When I met him at his home in the garrison town of Rawalpindi in 2009, he recalled meeting Osama bin Laden and other leading figures of the Afghan jihad. His home was full of paraphernalia from that time, including a mounted Kalashnikov, an RPG launcher and missile casings decorated with verses praising the mujahideen.

But the most intriguing item was a glass case containing a graffitied chunk of the Berlin Wall, which Tarar said was a gift from US officials. The brass inscription panel read: “To Col Imam, with deepest respect to the one who helped deliver the first blow.”

Tarar, whom officials in Kabul accused of continuing to support the Afghan Taliban, was kidnapped last March along with a British reporter working for Channel 4 and Khalid Khawaja, another former ISI official.

The journalist was released last September; Khawaja was killed by his captors in April. A video, broadcast last summer, showed a gaunt Tarar flanked by two masked and armed men. “You know well what they’re capable of,” he intoned, urging that his kidnappers’ demands be met.

Before he was abducted, Tarar was a strong advocate of negotiations with the Afghan Taliban, insisting that his old disciple Mullah Omar would be open to talks with the US.

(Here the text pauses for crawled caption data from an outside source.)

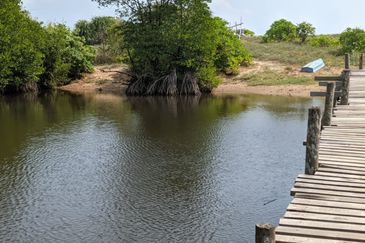 [𝐆𝐑𝐄𝐃 𝐀]𝐓𝐚𝐧𝐚𝐡 𝐛𝐞𝐫𝐬𝐭𝐚𝐭𝐮𝐬 𝐁𝐚𝐧𝐠𝐮𝐧𝐚𝐧 𝐬𝐚𝐢𝐳 𝟑𝟎𝟗𝟓𝐦² 𝐝𝐢 𝐏𝐮𝐥𝐚𝐮 𝐊𝐞𝐫𝐞𝐧𝐠𝐠𝐚, 𝐌𝐚𝐫𝐚𝐧𝐠 𝐓𝐞𝐫𝐞𝐧𝐠𝐠𝐚𝐧𝐮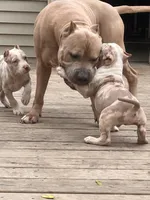 Harlow, a male American Bully for sale in Fort Wayne, IN – Photo 5 of 6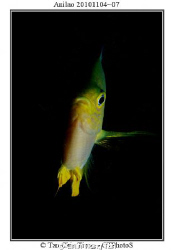 A fish in Philippine Sea, one strobe. by Chin Tiong Tan 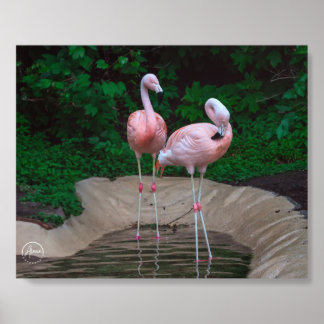 Two Pink Flamingo Photo Tile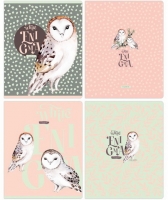  5 48 . BG White enigma, , ,  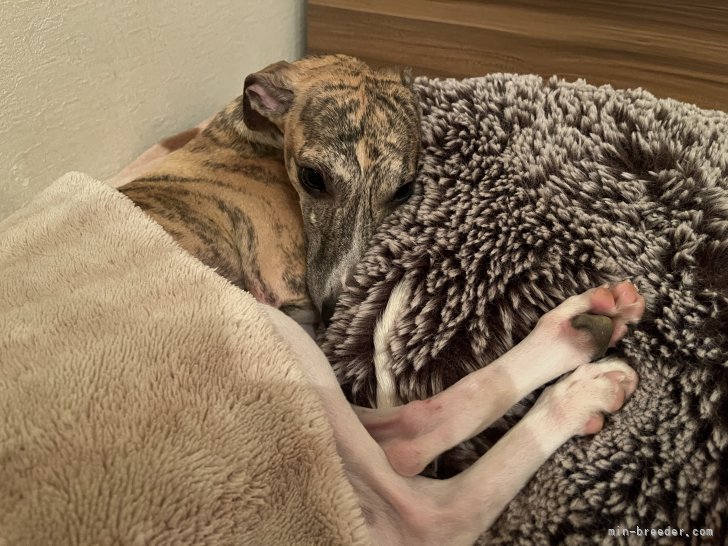 川上朋美ブリーダーのブログ：湯（ニュ）たんぽ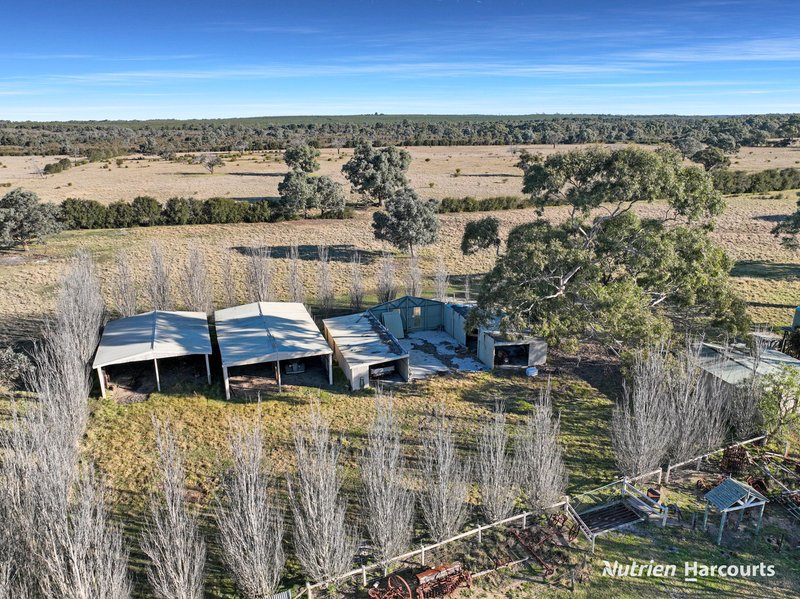 Photo - 680 Hawkins Road, Longford VIC 3851 - Image 28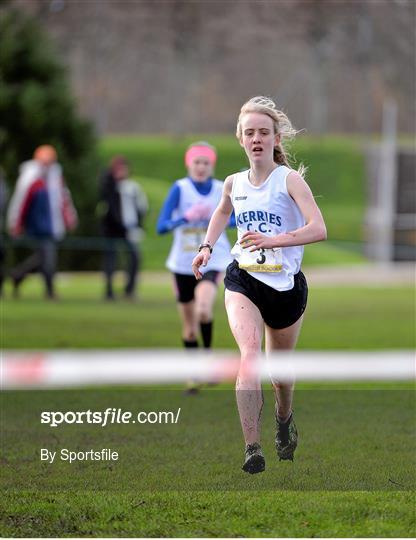 Aviva Leinster Schools Cross Country Championships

“For how many years have [the Americans] been fighting, spending billions . . . but yet they have failed? [They] must change their policy,” he told me. “[Mullah Omar] has no ambition beyond Afghanistan . . . He is not interested in power. He simply wants his country to be at peace. They can resolve this thing . . . If the Americans do that they will have a respectable retreat from this region.”

Tarar also praised the indigenous Taliban, who at the time held sway in pockets of Pakistan’s troubled northwest, arguing that they were fighting for justice.

But there were few degrees of separation between the swaggering Pakistani Taliban then cheered by Tarar and the militants who kept him hostage for almost a year despite reported entreaties from the likes of Mullah Omar. Tarar’s apparent error was to overestimate his influence and to misjudge the younger, more ruthless generation of militants that had sprung from the seed he helped sow.

Tarar’s death will discomfit his former colleagues in Pakistan’s security apparatus who still cleave to the decades-old policy of fostering militants for reasons of “strategic depth”. As an editorial in Pakistan’s Dawn newspaper put it: “Here lies an uncomfortable truth . . . like Frankenstein’s monster, what once made sense in laboratory conditions has proved to be a terrible, endless nightmare, unleashed in the real world.”